*The problem*.
Please return only the lines from the one showing "Helicopters in Crossout are here to Stay" to the end of the entries, keeping both ends and dropping every picture.

⟨

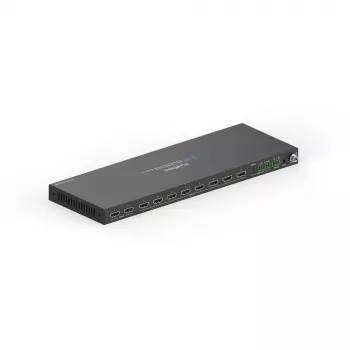 Splitter HDMI 2.1 2x8 PureLink - 48Gbps com scaler e extração de áudio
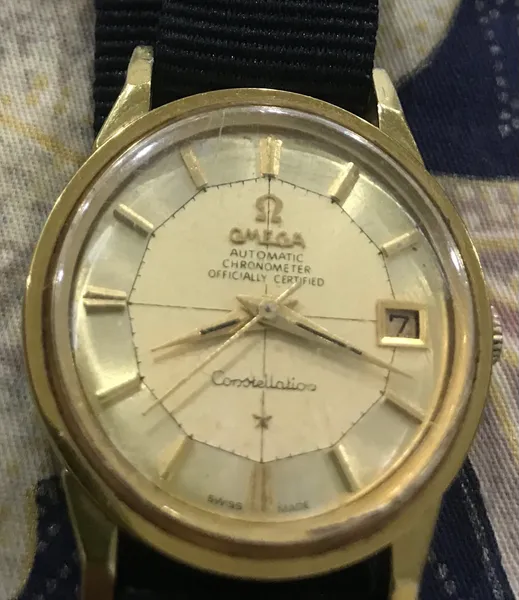 Omega Automatic Chronometer officially Certificated Constellation ⭐️ Watches ( Reversion Machine " Enicar "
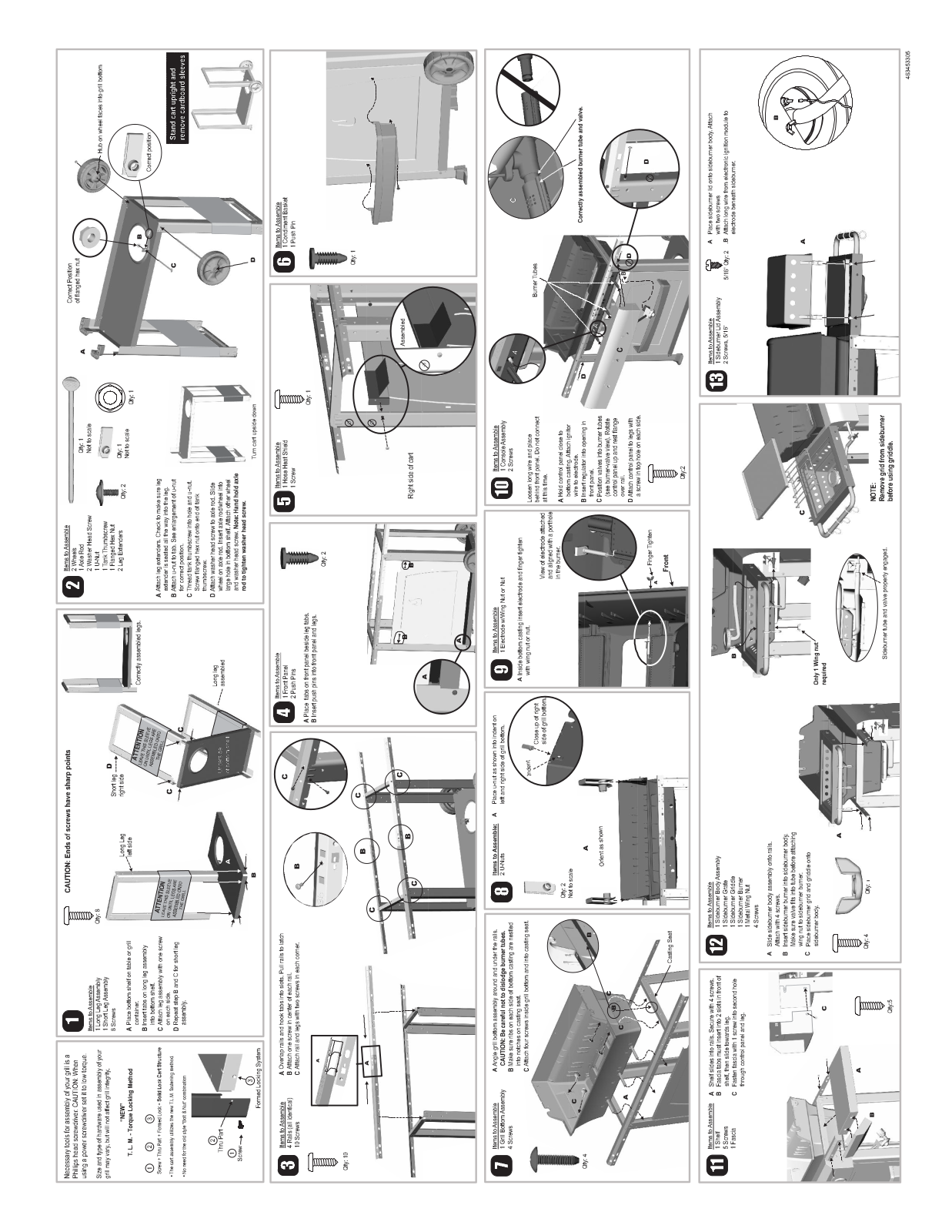 Charbroil 463453305 Product Data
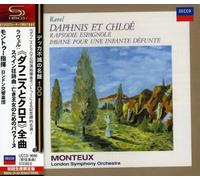 Pierre Monteux - Ravel: Daphnis Et Chloe Rapsodie Es (Shm-CD)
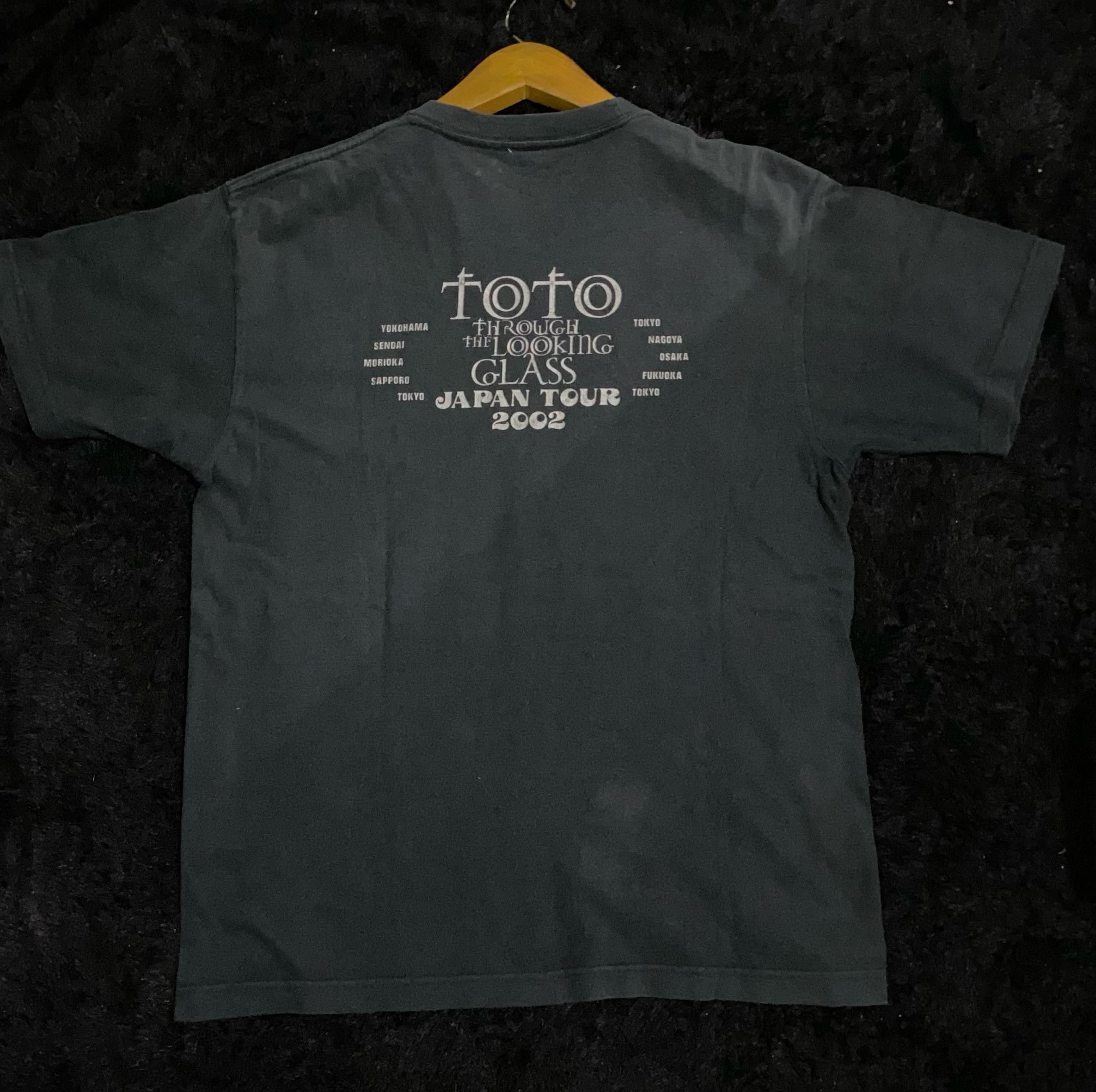 Vintage vintage Toto japan tour 2002 Size US L / EU 52-54 / 3 - 2 Thumbnail
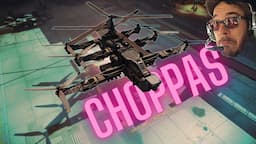 Helicopters in Crossout are here to Stay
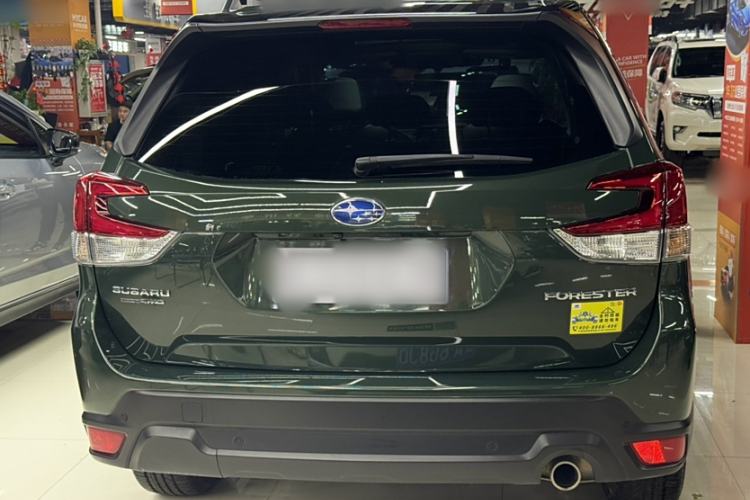 Used Subaru Forester 2024 2.5i AWD Premium Edition EyeSight Exterior 3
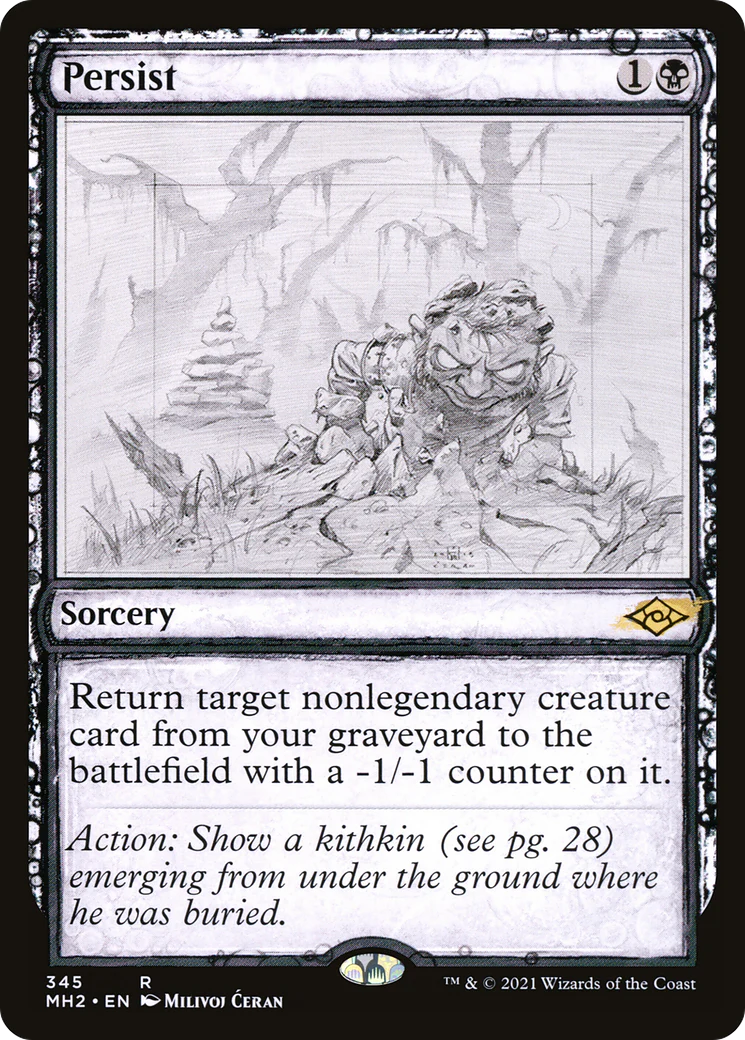 Persist (Showcase) (MH2-345) - Modern Horizons 2: (Showcase)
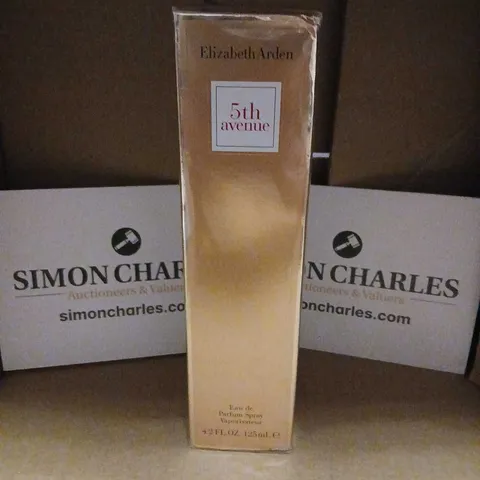 BOXED AND SEALED ELIZABETH ARDEN 5TH AVENUE EAU DE PARFUM 125ML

⟩

*Task answer*.
 Helicopters in Crossout are here to Stay
 Used Subaru Forester 2024 2.5i AWD Premium Edition EyeSight Exterior 3
 Persist (Showcase) (MH2-345) - Modern Horizons 2: (Showcase)
 BOXED AND SEALED ELIZABETH ARDEN 5TH AVENUE EAU DE PARFUM 125ML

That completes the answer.